**REQUIREMENT:** Below are some records. Write out the line that contains "Premiere Familie Vos" and all lines after it, exactly, but not the pictures.

====== MATERIAL FOR THIS EXERCISE

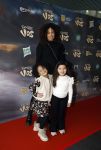 Amsterdam 3 februari 2024
Premiere Familie Vos in Pathe Arena. Sharon Doorson zwanger kwam met dochter en een vriendinnetje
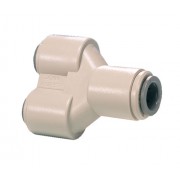 Unequal Two Way Divider 3/8 inch Inlet x 5/16 inch Outlet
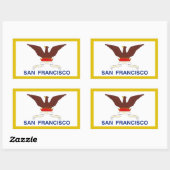 Sticker Rectangulaire Drapeau de San Francisco (Californie) (Feuille)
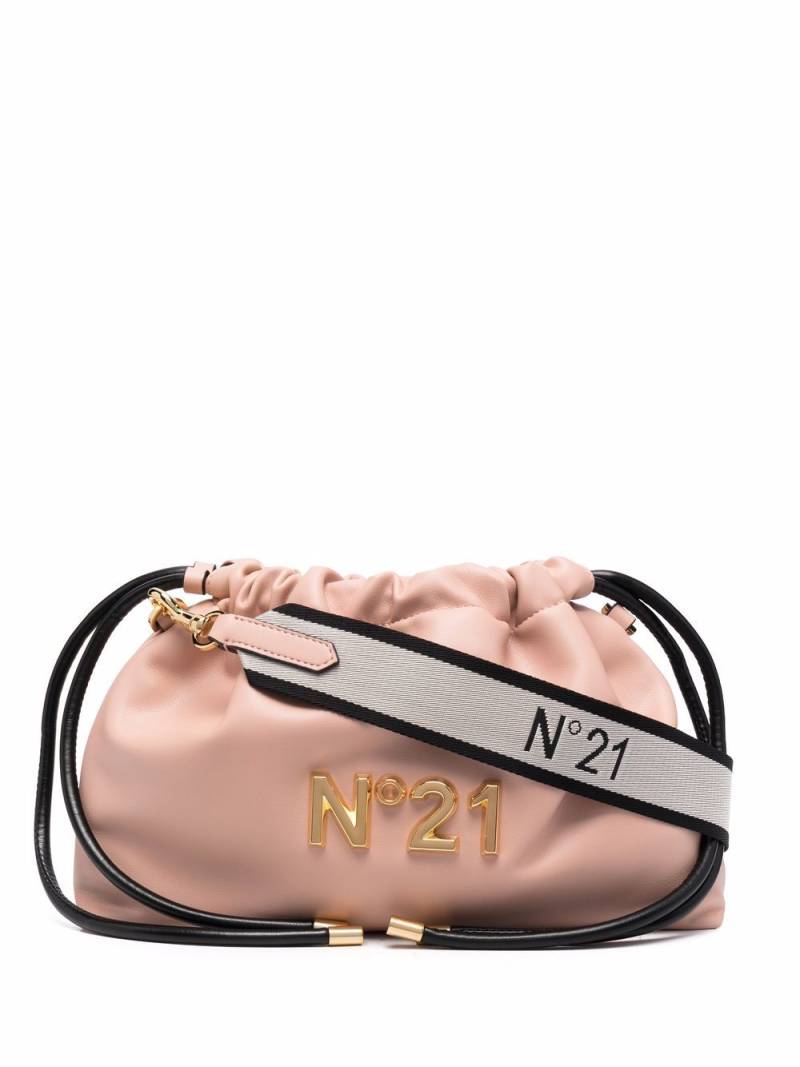 Nº21 logo-plaque drawstring clutch bag - Neutrals von Nº21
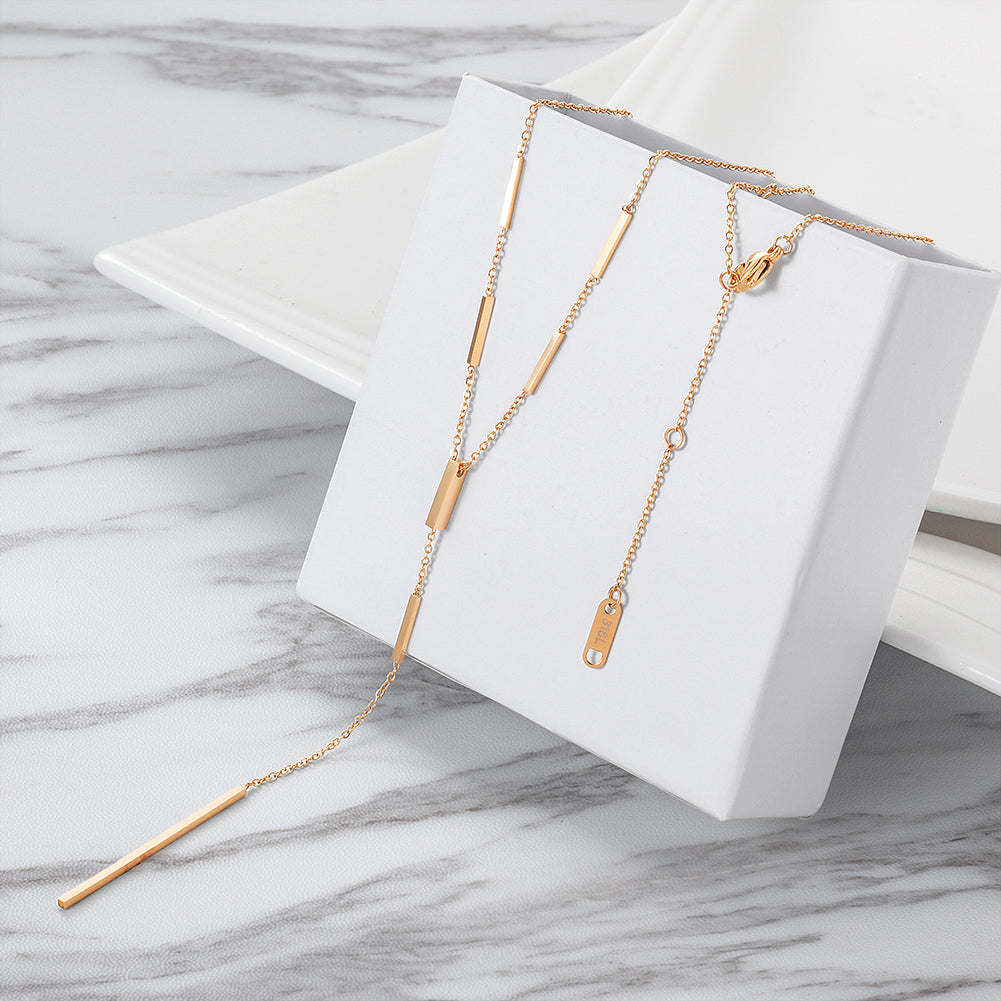 Stainless steel chain necklace-NSSN737ST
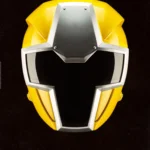 LumiPoster — Power Rangers - Yellow Ranger Silver Helmet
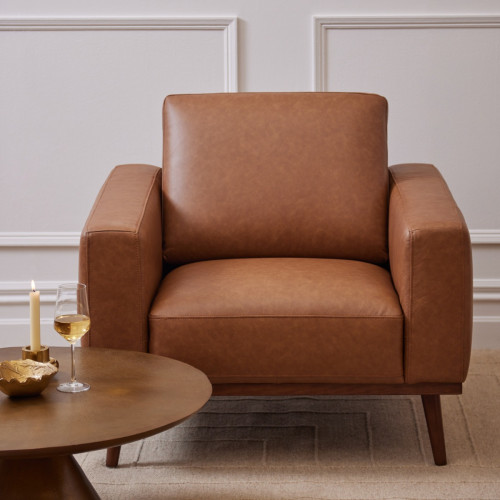 Jasper Ledge Leather Armchair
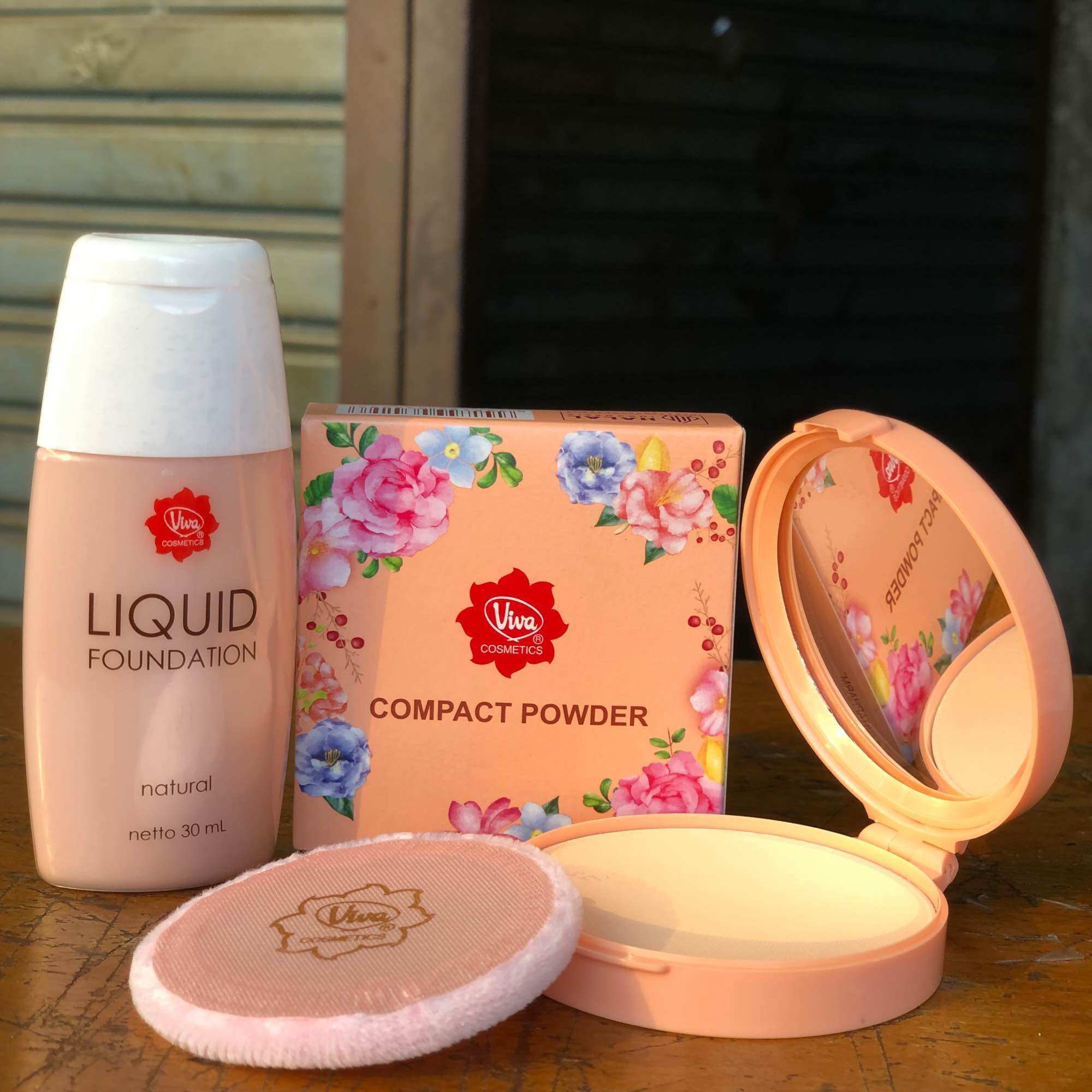 Paket Powder & Foundation Natural Viva Cosmetics 2in1 - BPOM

============

**RESPONSE TO THE EXERCISE:**
Premiere Familie Vos in Pathe Arena. Sharon Doorson zwanger kwam met dochter en een vriendinnetje
 Unequal Two Way Divider 3/8 inch Inlet x 5/16 inch Outlet
 Sticker Rectangulaire Drapeau de San Francisco (Californie) (Feuille)
 Nº21 logo-plaque drawstring clutch bag - Neutrals von Nº21
 Stainless steel chain necklace-NSSN737ST
 LumiPoster — Power Rangers - Yellow Ranger Silver Helmet
 Jasper Ledge Leather Armchair
 Paket Powder & Foundation Natural Viva Cosmetics 2in1 - BPOM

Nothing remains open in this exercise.